### What needs to be done
Please return the listing exactly as it stands, skipping any pictures.
Dataset extract section start
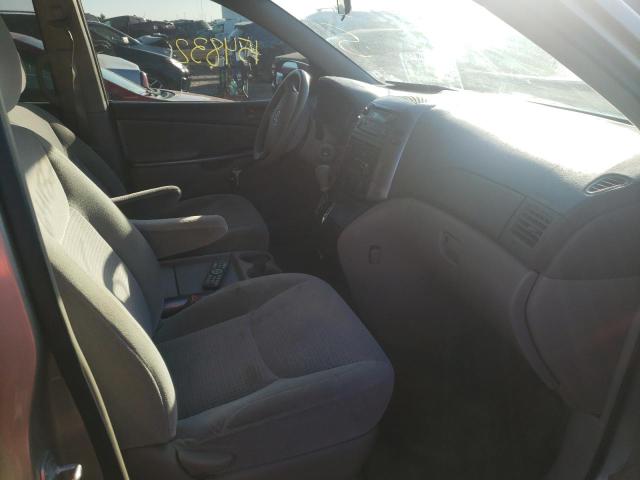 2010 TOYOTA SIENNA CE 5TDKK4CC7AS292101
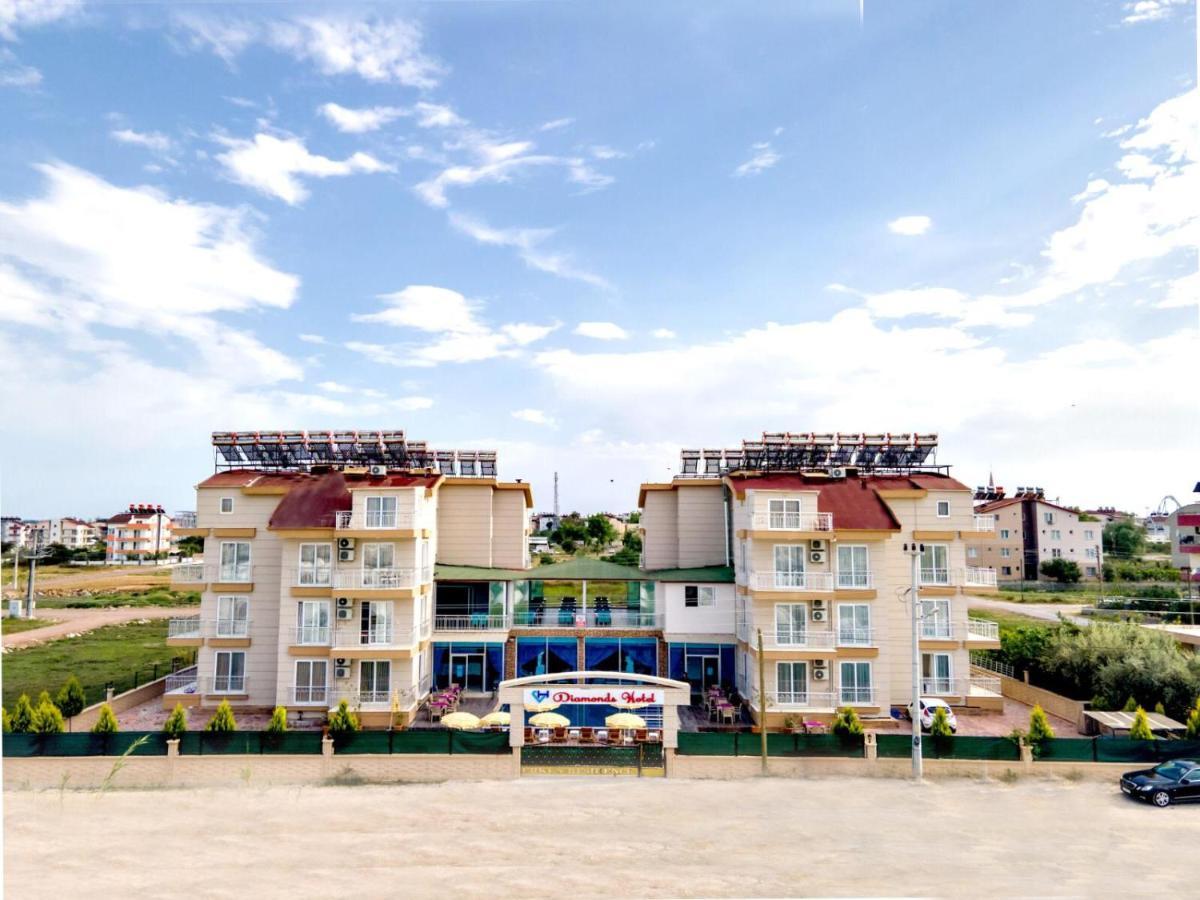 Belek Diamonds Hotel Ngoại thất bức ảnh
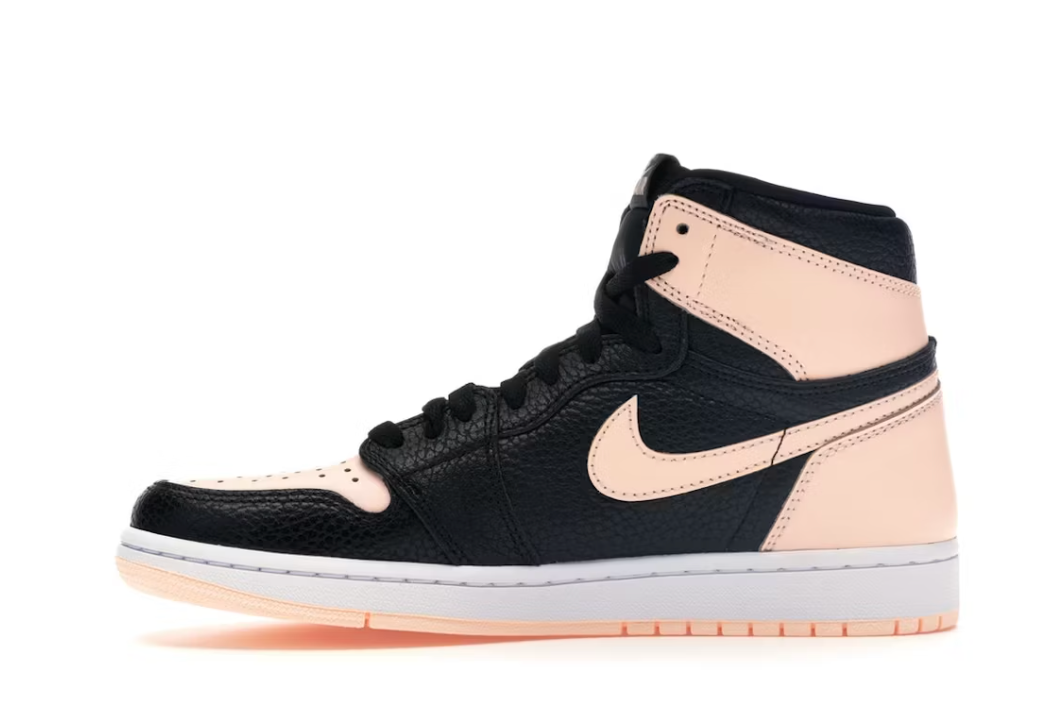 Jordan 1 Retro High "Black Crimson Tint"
Dataset extract section end
### Output of the task
 2010 TOYOTA SIENNA CE 5TDKK4CC7AS292101
 Belek Diamonds Hotel Ngoại thất bức ảnh
 Jordan 1 Retro High "Black Crimson Tint"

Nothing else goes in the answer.